The Grenfell fire felt like the inevitable consequence of a society that places profit over people – a flaming beacon of injustice illuminating everything that is wrong with London right now and it is not an exaggeration to say that it made me feel repelled by my own country. My thoughts turned to making my own personal Brexit and it wasn’t long before leaving the country seemed like the only solution to what I was feeling.
A rainbow at the airport as we head off on our adventure
In search of sunshine
And so, I am going – I have sold my car and my furniture, rented out my flat and I am going travelling with my girl. As far as I am concerned it is a sane reaction to an insane world but I am not going to lie, making it happen has been a monumental task and now, with just a few days to go before I board a plane, I feel weird, wired and exhausted from the effort. In recent weeks, there has been an outpouring of comradery from the women in my neighbourhood.

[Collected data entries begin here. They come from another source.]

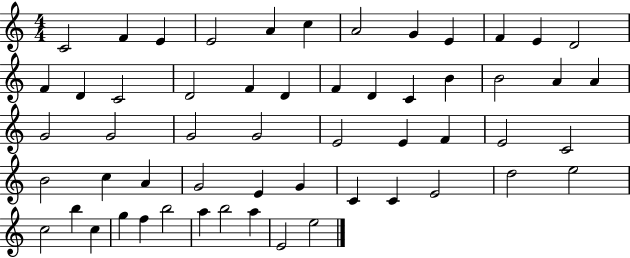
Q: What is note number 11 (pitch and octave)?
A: E4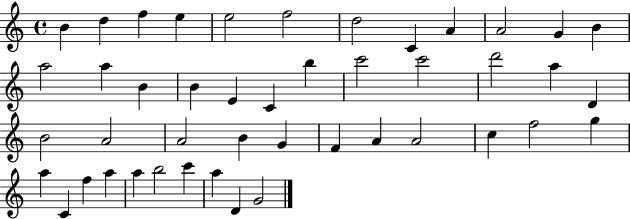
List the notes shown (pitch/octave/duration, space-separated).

B4/q D5/q F5/q E5/q E5/h F5/h D5/h C4/q A4/q A4/h G4/q B4/q A5/h A5/q B4/q B4/q E4/q C4/q B5/q C6/h C6/h D6/h A5/q D4/q B4/h A4/h A4/h B4/q G4/q F4/q A4/q A4/h C5/q F5/h G5/q A5/q C4/q F5/q A5/q A5/q B5/h C6/q A5/q D4/q G4/h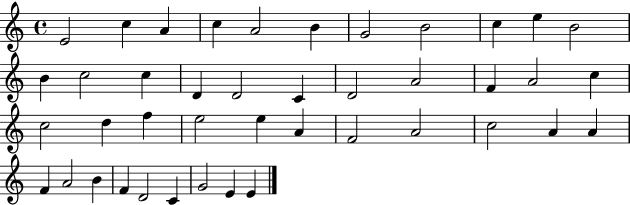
{
  \clef treble
  \time 4/4
  \defaultTimeSignature
  \key c \major
  e'2 c''4 a'4 | c''4 a'2 b'4 | g'2 b'2 | c''4 e''4 b'2 | \break b'4 c''2 c''4 | d'4 d'2 c'4 | d'2 a'2 | f'4 a'2 c''4 | \break c''2 d''4 f''4 | e''2 e''4 a'4 | f'2 a'2 | c''2 a'4 a'4 | \break f'4 a'2 b'4 | f'4 d'2 c'4 | g'2 e'4 e'4 | \bar "|."
}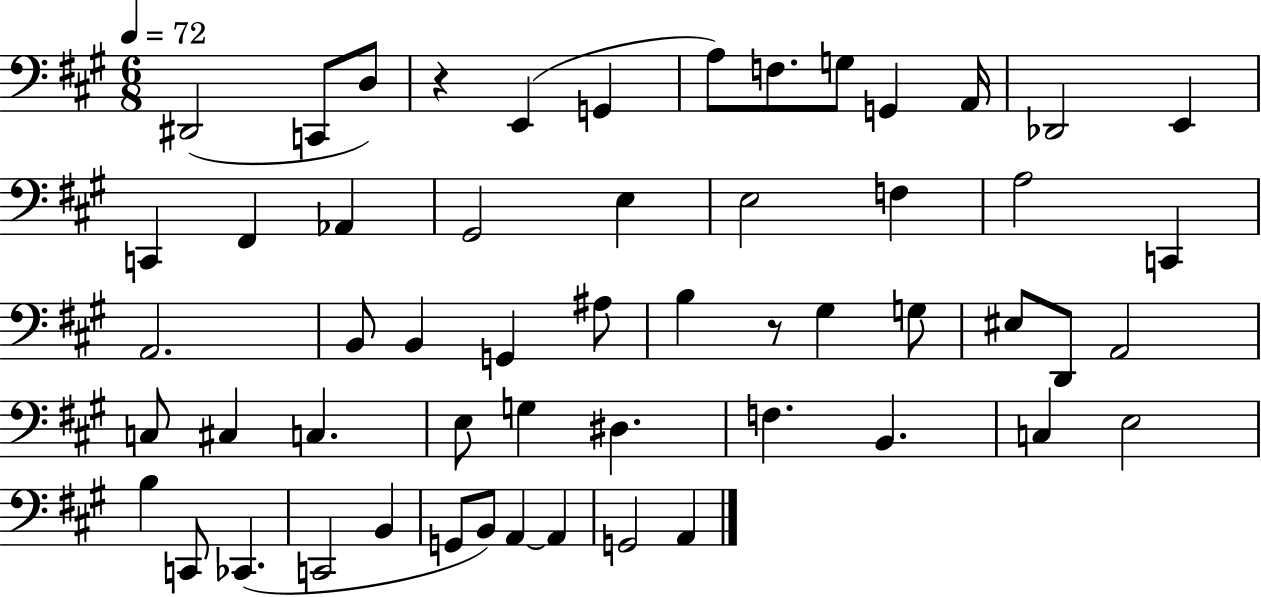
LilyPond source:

{
  \clef bass
  \numericTimeSignature
  \time 6/8
  \key a \major
  \tempo 4 = 72
  dis,2( c,8 d8) | r4 e,4( g,4 | a8) f8. g8 g,4 a,16 | des,2 e,4 | \break c,4 fis,4 aes,4 | gis,2 e4 | e2 f4 | a2 c,4 | \break a,2. | b,8 b,4 g,4 ais8 | b4 r8 gis4 g8 | eis8 d,8 a,2 | \break c8 cis4 c4. | e8 g4 dis4. | f4. b,4. | c4 e2 | \break b4 c,8 ces,4.( | c,2 b,4 | g,8 b,8) a,4~~ a,4 | g,2 a,4 | \break \bar "|."
}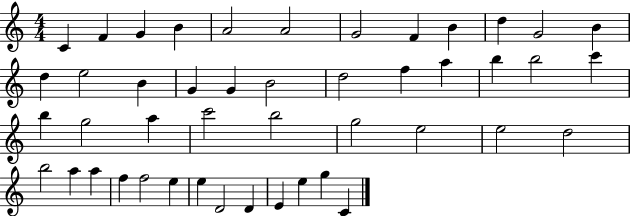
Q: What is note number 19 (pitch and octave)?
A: D5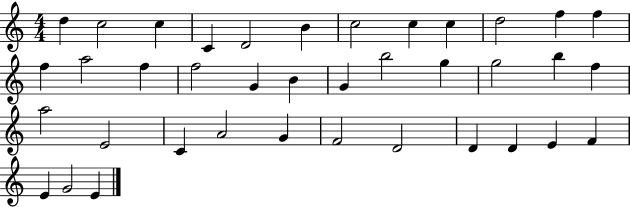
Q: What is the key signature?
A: C major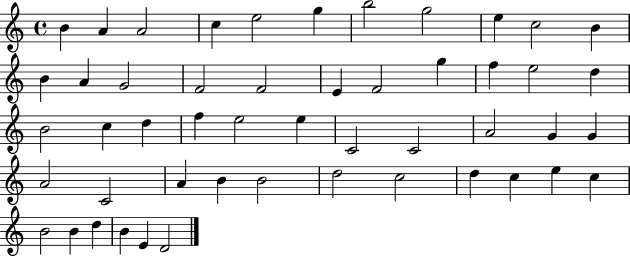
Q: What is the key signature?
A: C major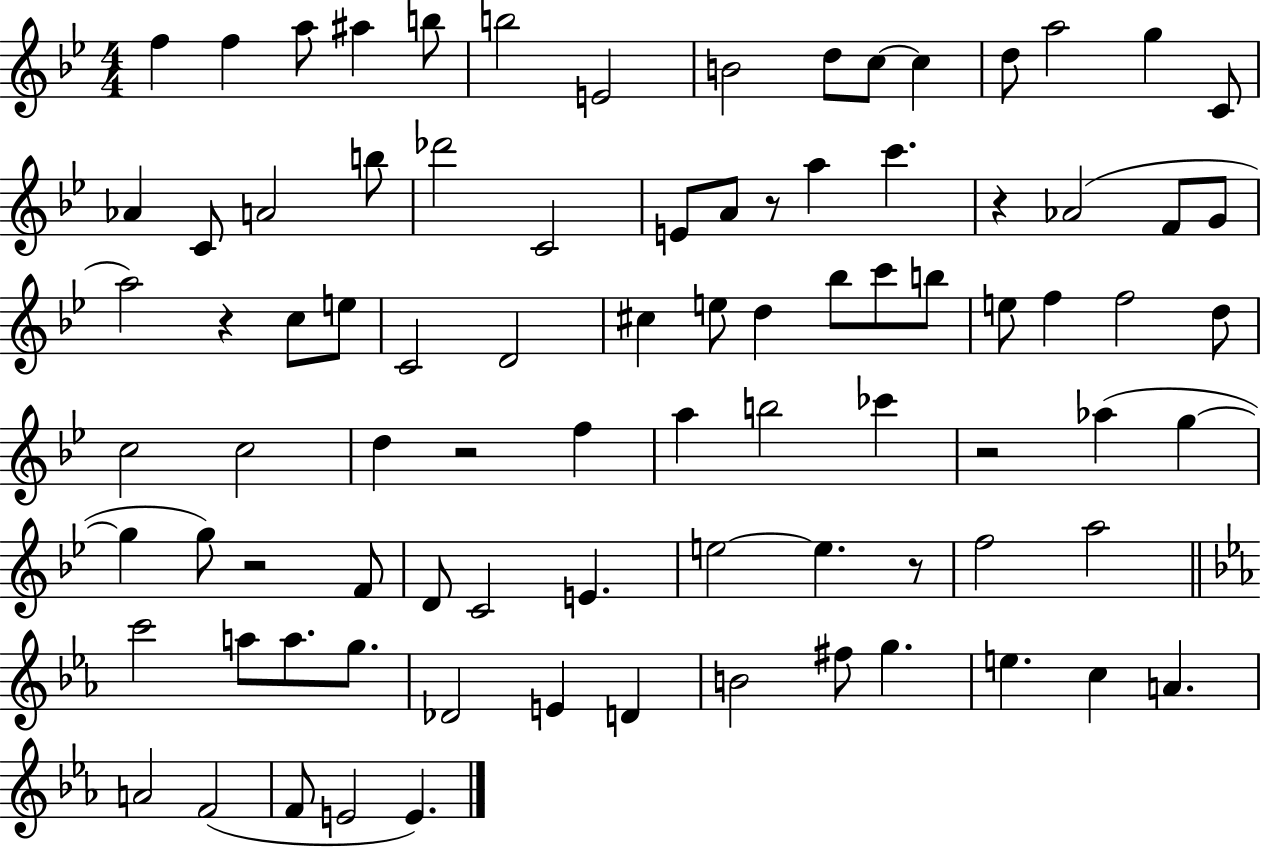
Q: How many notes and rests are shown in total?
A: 87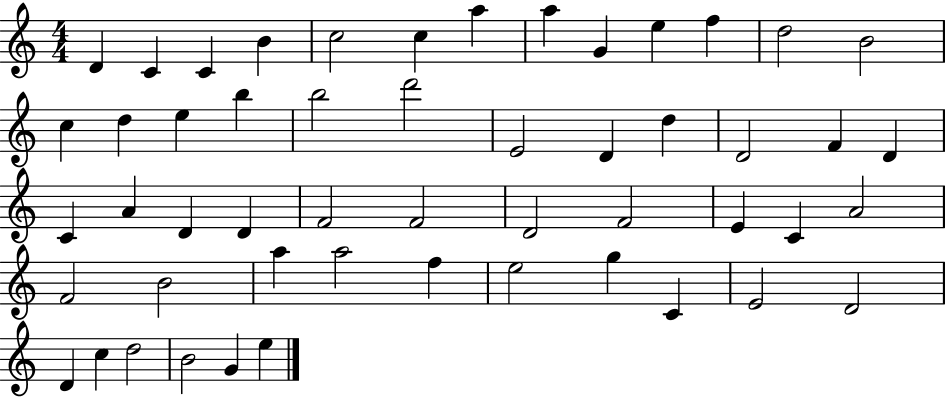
X:1
T:Untitled
M:4/4
L:1/4
K:C
D C C B c2 c a a G e f d2 B2 c d e b b2 d'2 E2 D d D2 F D C A D D F2 F2 D2 F2 E C A2 F2 B2 a a2 f e2 g C E2 D2 D c d2 B2 G e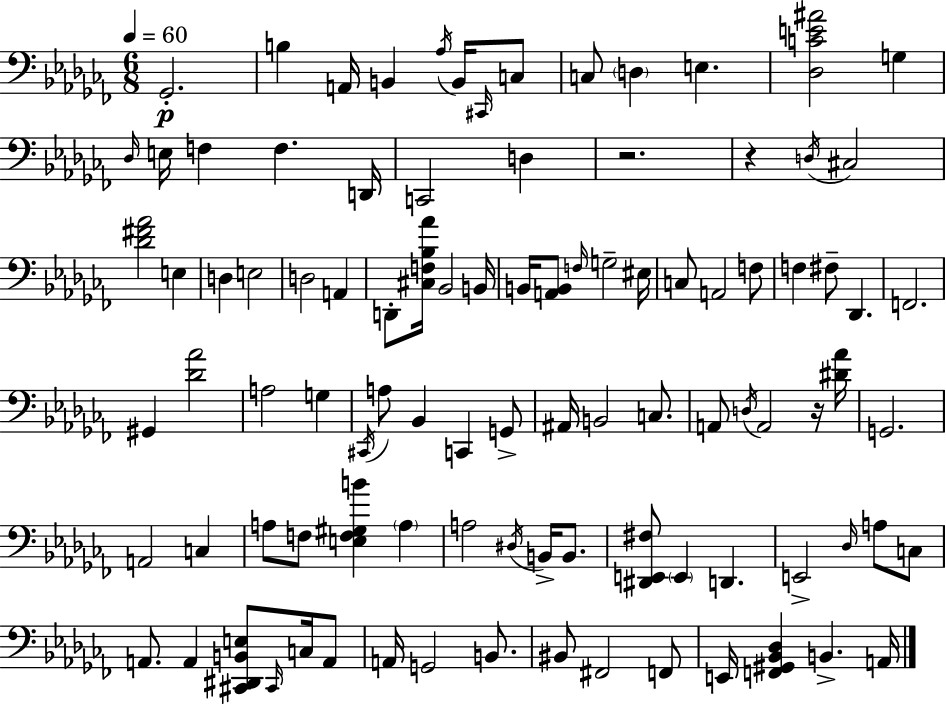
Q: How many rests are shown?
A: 3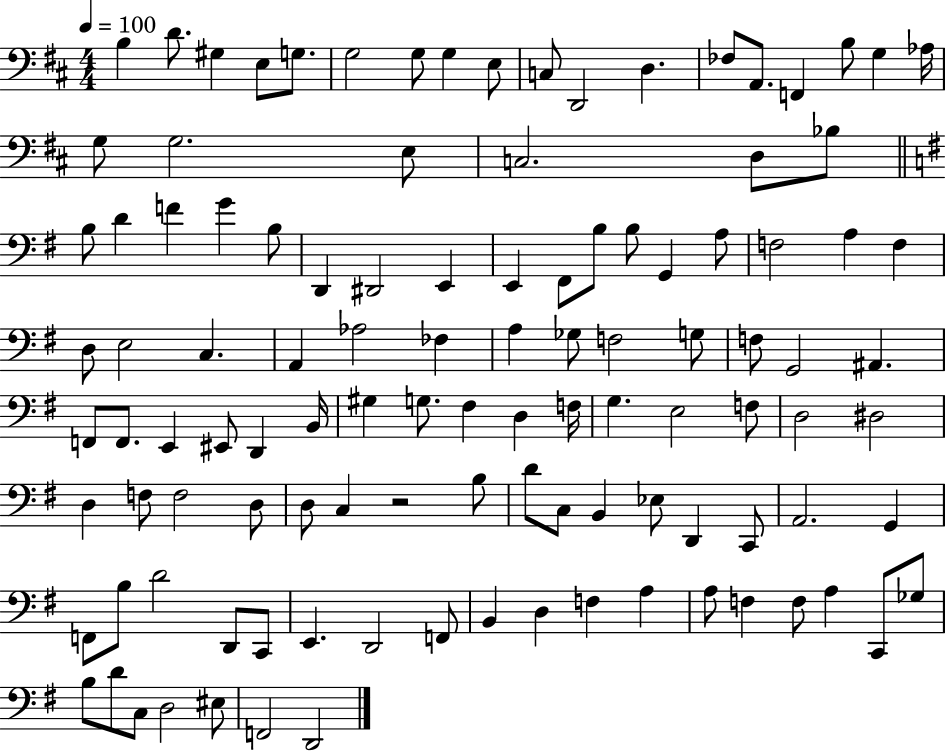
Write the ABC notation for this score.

Friends, neighbours and mothers who have heard of my plans are stopping me in the street and in the playground and hugging me. They are congratulating me on the adventure ahead are giving me the strength to carry out my plan. With every embrace, I feel more tearful and remember what I love so much about my corner of south London and the extraordinary community around me. At a leaving party for Lily, I look at all of her incredible, spirited friends and feel revived by their youthful energy.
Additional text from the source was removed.